The film contains a long byte by an American called Jeremy Altman who had moved to India in 1997, and later made Varanasi his home. There is also a long byte by an Indian, who says that their forefathers did something great for them by giving birth to them in Varanasi.

As for Jithin, there is this scroll of text at the beginning: “of a perplexed mind's inquisitiveness on life and its absence.”

He is now working for a London company from home – the place he had earlier done internship for. “It was three good years in London (at the university). I went on a partial scholarship,” says Jithin.

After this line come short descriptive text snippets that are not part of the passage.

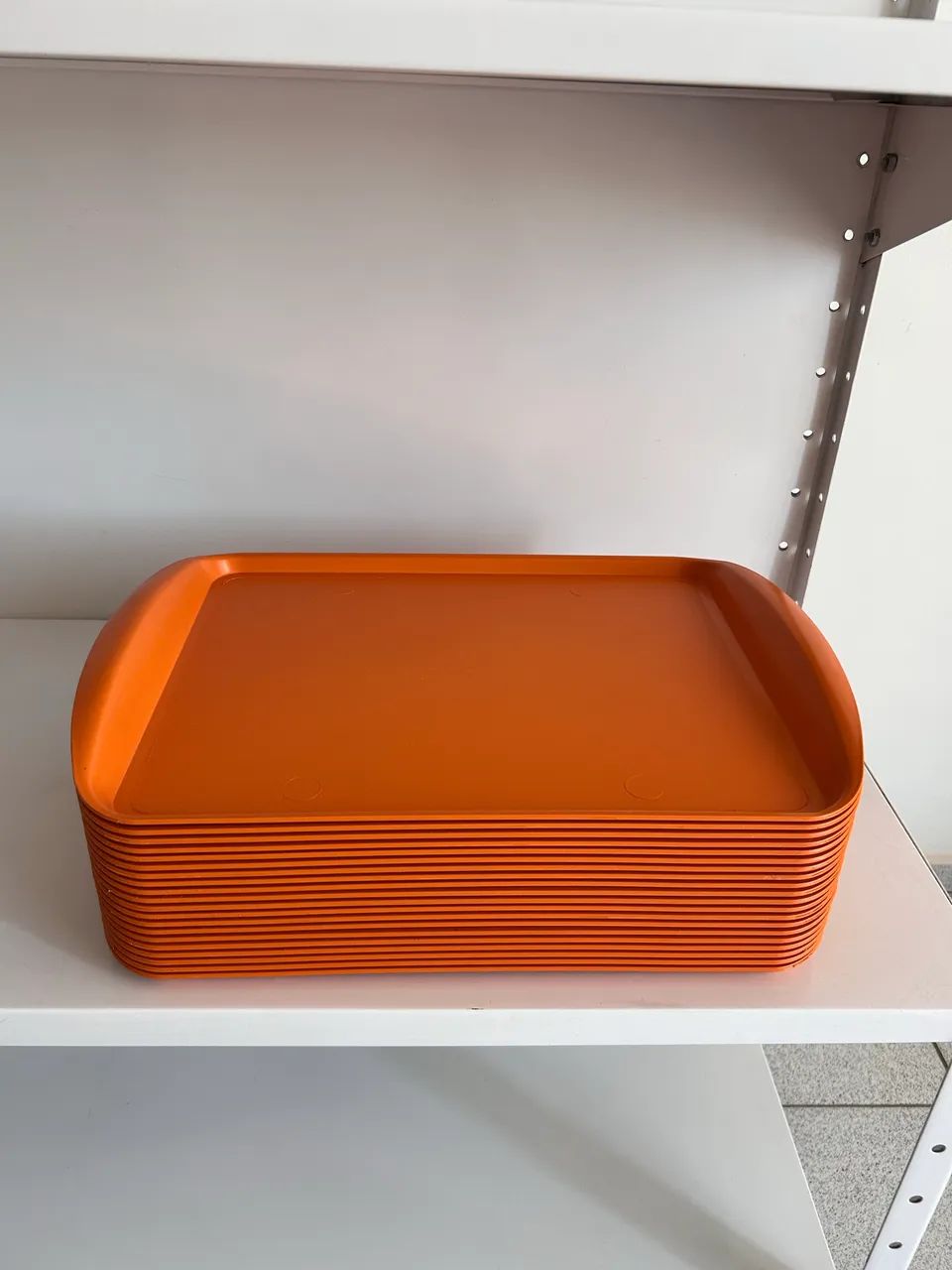 Kit 20 Bandejas Fast food Laranja - Foto 2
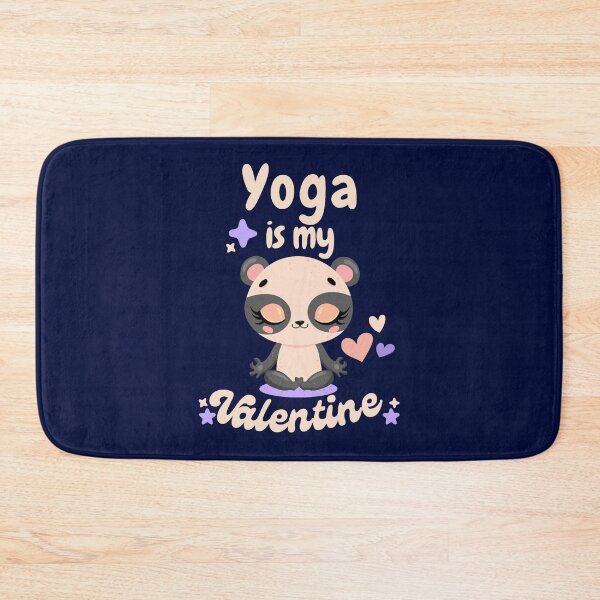 Item preview, kawaii pandayoga is my valentine designed and sold by WalkerDavidz.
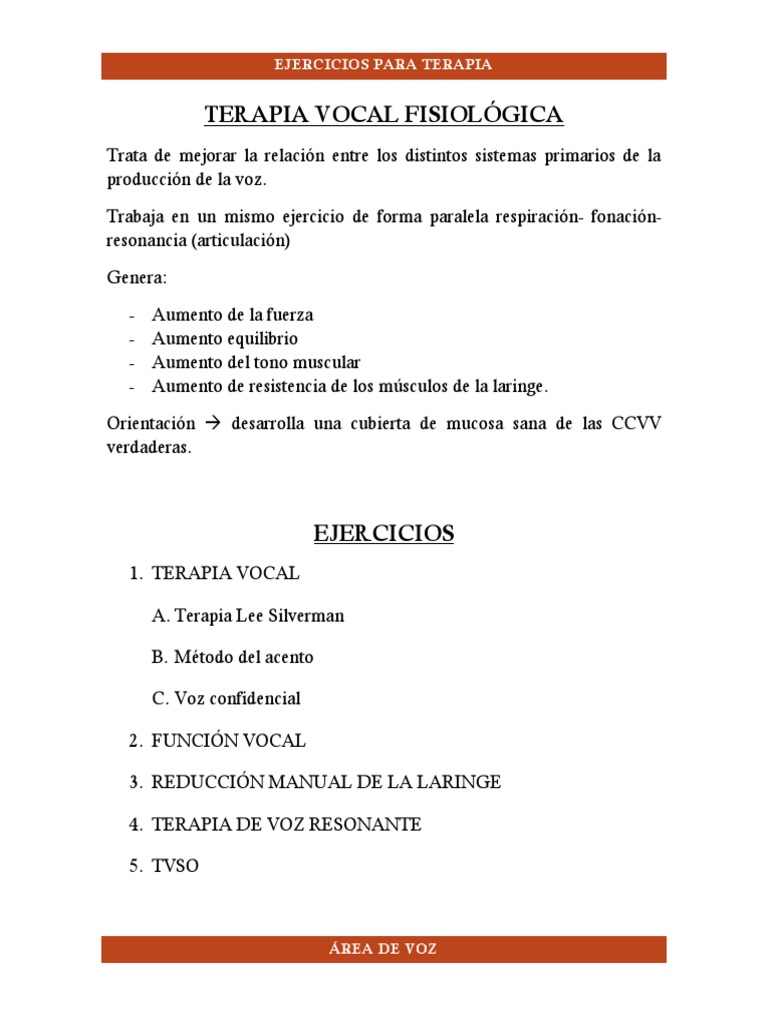 3.terapias Voz | PDF | Vocal | Laringe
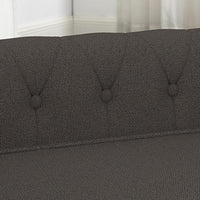 Dog Sofa Couch for Medium to Large Dogs, Memory Foam Pet Sofa Couch with Washable Fabric, Durable Elevated Dog Bed with Legs, Removable Cushion for Medium and Large Dogs, Dark Brown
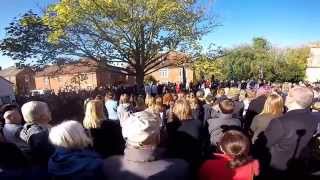 Remembrance Sunday 2014 in Wantage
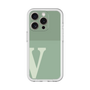 Slim Protection Premium Case［ オリジナル - initial two tone - V green ］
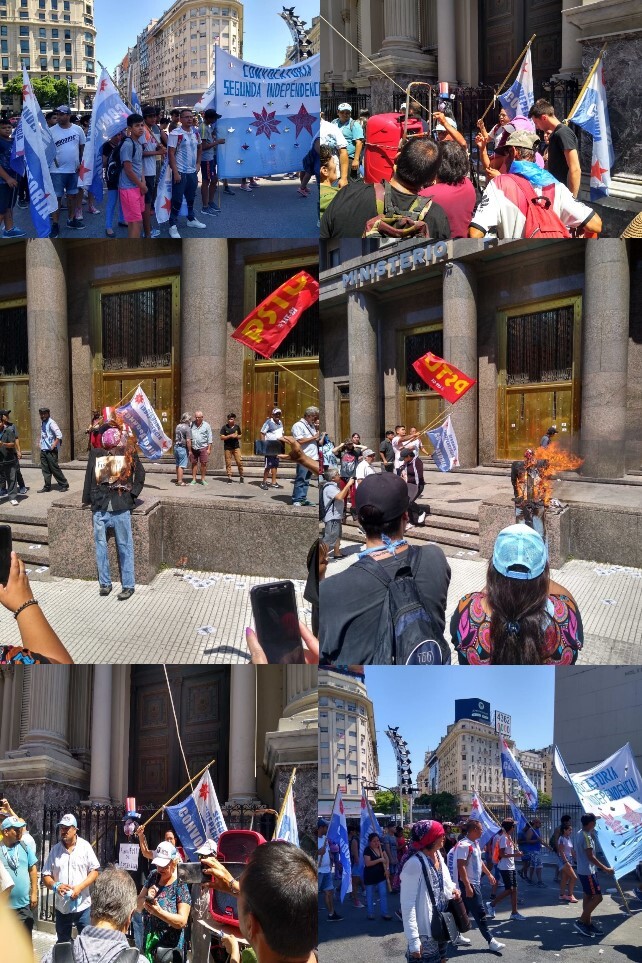 Marcha a Plaza de Mayo exigiendo el NO pago de la deuda. Comunicados Convocatoria Segunda Independencia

The day he found out about the university – Regent’s -- was the last date he could apply for the course. For months before that, after finishing school, Jithin had tried other options. His first choice was the National Institute of Design, which he didn’t get through, and then Srishti, which he didn’t like after joining. “My dad – a sailor who has been all over the world – suggested that I apply to a UK university. We have lived for four years in the UK, when I was a child. So I had a sentimental value for the place,” Jithin says.

He had a month after application to clear several rounds of interviews and paper submission, get a visa and travel to London.